→ Description of the task: Starting at the line with "Stalak za drva" and stopping at the final line, retype the data below exactly; do not carry over any pictures.

### Supplied information ###

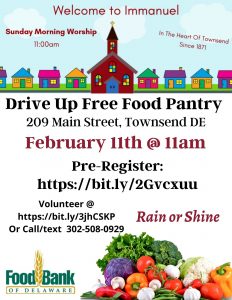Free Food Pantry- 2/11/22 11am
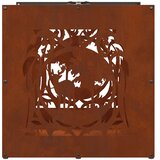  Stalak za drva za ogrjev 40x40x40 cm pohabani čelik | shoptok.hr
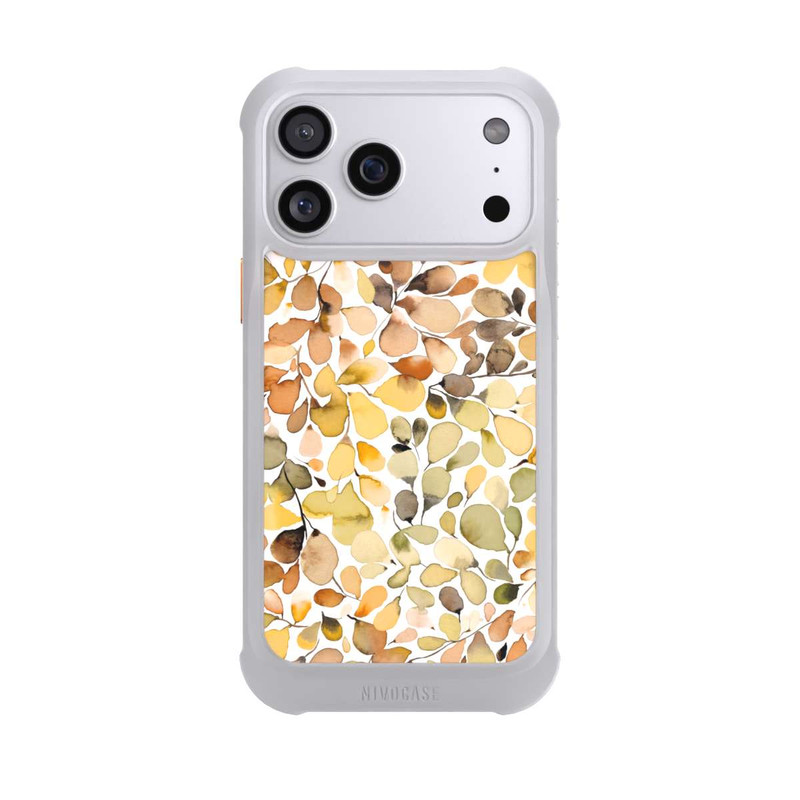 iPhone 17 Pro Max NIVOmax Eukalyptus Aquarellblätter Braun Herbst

###

→ Final answer:
  Stalak za drva za ogrjev 40x40x40 cm pohabani čelik | shoptok.hr
 iPhone 17 Pro Max NIVOmax Eukalyptus Aquarellblätter Braun Herbst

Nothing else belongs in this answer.